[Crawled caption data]
━━━━━━━━━━━━━━━━━━━━━━━━━━━━━━

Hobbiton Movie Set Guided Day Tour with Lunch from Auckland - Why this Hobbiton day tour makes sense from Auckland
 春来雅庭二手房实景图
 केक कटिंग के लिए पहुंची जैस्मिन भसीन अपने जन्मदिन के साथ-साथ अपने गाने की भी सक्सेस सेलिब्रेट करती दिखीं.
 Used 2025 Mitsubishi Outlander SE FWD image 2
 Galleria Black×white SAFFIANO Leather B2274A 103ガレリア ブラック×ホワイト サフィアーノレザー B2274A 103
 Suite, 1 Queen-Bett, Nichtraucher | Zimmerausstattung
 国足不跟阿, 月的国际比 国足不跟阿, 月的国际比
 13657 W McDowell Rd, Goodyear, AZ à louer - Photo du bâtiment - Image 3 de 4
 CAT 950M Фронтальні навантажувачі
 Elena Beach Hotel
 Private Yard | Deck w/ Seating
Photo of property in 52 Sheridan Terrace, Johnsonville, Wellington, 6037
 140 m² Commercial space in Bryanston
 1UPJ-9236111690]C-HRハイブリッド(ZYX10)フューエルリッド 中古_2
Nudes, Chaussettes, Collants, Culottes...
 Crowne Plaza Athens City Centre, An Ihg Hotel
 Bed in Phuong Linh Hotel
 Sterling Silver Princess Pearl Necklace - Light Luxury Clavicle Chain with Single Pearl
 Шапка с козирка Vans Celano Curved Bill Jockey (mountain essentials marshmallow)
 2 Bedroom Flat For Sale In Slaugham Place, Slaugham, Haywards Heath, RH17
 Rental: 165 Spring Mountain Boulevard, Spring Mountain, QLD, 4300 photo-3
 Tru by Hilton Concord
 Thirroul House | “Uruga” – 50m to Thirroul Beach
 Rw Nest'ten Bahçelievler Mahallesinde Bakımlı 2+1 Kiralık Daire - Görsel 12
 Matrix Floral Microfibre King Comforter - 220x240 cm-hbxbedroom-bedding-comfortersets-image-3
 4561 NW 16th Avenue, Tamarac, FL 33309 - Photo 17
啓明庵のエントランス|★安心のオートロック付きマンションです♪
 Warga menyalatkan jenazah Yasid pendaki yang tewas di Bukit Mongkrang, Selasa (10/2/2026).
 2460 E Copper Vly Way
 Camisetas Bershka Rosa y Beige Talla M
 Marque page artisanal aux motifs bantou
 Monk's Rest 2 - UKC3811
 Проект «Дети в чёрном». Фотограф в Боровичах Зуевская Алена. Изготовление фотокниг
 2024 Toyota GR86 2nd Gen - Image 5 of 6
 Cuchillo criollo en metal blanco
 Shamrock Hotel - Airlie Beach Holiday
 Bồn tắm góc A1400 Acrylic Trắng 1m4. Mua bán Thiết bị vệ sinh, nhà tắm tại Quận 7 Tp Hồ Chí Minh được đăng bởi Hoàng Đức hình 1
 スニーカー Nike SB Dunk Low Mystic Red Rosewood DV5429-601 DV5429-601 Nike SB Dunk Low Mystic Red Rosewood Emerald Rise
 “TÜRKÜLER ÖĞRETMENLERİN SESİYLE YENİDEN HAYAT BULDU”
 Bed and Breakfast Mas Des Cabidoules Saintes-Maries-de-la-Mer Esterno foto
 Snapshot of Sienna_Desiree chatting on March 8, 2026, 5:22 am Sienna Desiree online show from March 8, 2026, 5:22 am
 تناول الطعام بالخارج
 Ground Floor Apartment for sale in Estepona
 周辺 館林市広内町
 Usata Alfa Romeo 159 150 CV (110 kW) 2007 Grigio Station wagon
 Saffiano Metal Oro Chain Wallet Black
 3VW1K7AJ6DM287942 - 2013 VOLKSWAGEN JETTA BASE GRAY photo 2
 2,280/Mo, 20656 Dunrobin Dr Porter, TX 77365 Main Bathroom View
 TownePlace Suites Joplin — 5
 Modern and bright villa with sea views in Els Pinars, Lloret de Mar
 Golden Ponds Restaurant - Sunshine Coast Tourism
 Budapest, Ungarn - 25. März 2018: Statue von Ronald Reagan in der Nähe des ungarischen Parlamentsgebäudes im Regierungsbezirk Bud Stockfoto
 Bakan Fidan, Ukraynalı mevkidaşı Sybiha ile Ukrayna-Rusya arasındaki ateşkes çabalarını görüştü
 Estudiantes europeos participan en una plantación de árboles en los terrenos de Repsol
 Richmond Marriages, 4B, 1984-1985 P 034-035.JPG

━━━━━━━━━━━━━━━━━━━━━━━━━━━━━━

WORK INSTRUCTION >> Repeat all of the records exactly.

SOLVED PROBLEM >>
Hobbiton Movie Set Guided Day Tour with Lunch from Auckland - Why this Hobbiton day tour makes sense from Auckland
 春来雅庭二手房实景图
 केक कटिंग के लिए पहुंची जैस्मिन भसीन अपने जन्मदिन के साथ-साथ अपने गाने की भी सक्सेस सेलिब्रेट करती दिखीं.
 Used 2025 Mitsubishi Outlander SE FWD image 2
 Galleria Black×white SAFFIANO Leather B2274A 103ガレリア ブラック×ホワイト サフィアーノレザー B2274A 103
 Suite, 1 Queen-Bett, Nichtraucher | Zimmerausstattung
 国足不跟阿, 月的国际比 国足不跟阿, 月的国际比
 13657 W McDowell Rd, Goodyear, AZ à louer - Photo du bâtiment - Image 3 de 4
 CAT 950M Фронтальні навантажувачі
 Elena Beach Hotel
 Private Yard | Deck w/ Seating
Photo of property in 52 Sheridan Terrace, Johnsonville, Wellington, 6037
 140 m² Commercial space in Bryanston
 1UPJ-9236111690]C-HRハイブリッド(ZYX10)フューエルリッド 中古_2
Nudes, Chaussettes, Collants, Culottes...
 Crowne Plaza Athens City Centre, An Ihg Hotel
 Bed in Phuong Linh Hotel
 Sterling Silver Princess Pearl Necklace - Light Luxury Clavicle Chain with Single Pearl
 Шапка с козирка Vans Celano Curved Bill Jockey (mountain essentials marshmallow)
 2 Bedroom Flat For Sale In Slaugham Place, Slaugham, Haywards Heath, RH17
 Rental: 165 Spring Mountain Boulevard, Spring Mountain, QLD, 4300 photo-3
 Tru by Hilton Concord
 Thirroul House | “Uruga” – 50m to Thirroul Beach
 Rw Nest'ten Bahçelievler Mahallesinde Bakımlı 2+1 Kiralık Daire - Görsel 12
 Matrix Floral Microfibre King Comforter - 220x240 cm-hbxbedroom-bedding-comfortersets-image-3
 4561 NW 16th Avenue, Tamarac, FL 33309 - Photo 17
啓明庵のエントランス|★安心のオートロック付きマンションです♪
 Warga menyalatkan jenazah Yasid pendaki yang tewas di Bukit Mongkrang, Selasa (10/2/2026).
 2460 E Copper Vly Way
 Camisetas Bershka Rosa y Beige Talla M
 Marque page artisanal aux motifs bantou
 Monk's Rest 2 - UKC3811
 Проект «Дети в чёрном». Фотограф в Боровичах Зуевская Алена. Изготовление фотокниг
 2024 Toyota GR86 2nd Gen - Image 5 of 6
 Cuchillo criollo en metal blanco
 Shamrock Hotel - Airlie Beach Holiday
 Bồn tắm góc A1400 Acrylic Trắng 1m4. Mua bán Thiết bị vệ sinh, nhà tắm tại Quận 7 Tp Hồ Chí Minh được đăng bởi Hoàng Đức hình 1
 スニーカー Nike SB Dunk Low Mystic Red Rosewood DV5429-601 DV5429-601 Nike SB Dunk Low Mystic Red Rosewood Emerald Rise
 “TÜRKÜLER ÖĞRETMENLERİN SESİYLE YENİDEN HAYAT BULDU”
 Bed and Breakfast Mas Des Cabidoules Saintes-Maries-de-la-Mer Esterno foto
 Snapshot of Sienna_Desiree chatting on March 8, 2026, 5:22 am Sienna Desiree online show from March 8, 2026, 5:22 am
 تناول الطعام بالخارج
 Ground Floor Apartment for sale in Estepona
 周辺 館林市広内町
 Usata Alfa Romeo 159 150 CV (110 kW) 2007 Grigio Station wagon
 Saffiano Metal Oro Chain Wallet Black
 3VW1K7AJ6DM287942 - 2013 VOLKSWAGEN JETTA BASE GRAY photo 2
 2,280/Mo, 20656 Dunrobin Dr Porter, TX 77365 Main Bathroom View
 TownePlace Suites Joplin — 5
 Modern and bright villa with sea views in Els Pinars, Lloret de Mar
 Golden Ponds Restaurant - Sunshine Coast Tourism
 Budapest, Ungarn - 25. März 2018: Statue von Ronald Reagan in der Nähe des ungarischen Parlamentsgebäudes im Regierungsbezirk Bud Stockfoto
 Bakan Fidan, Ukraynalı mevkidaşı Sybiha ile Ukrayna-Rusya arasındaki ateşkes çabalarını görüştü
 Estudiantes europeos participan en una plantación de árboles en los terrenos de Repsol
 Richmond Marriages, 4B, 1984-1985 P 034-035.JPG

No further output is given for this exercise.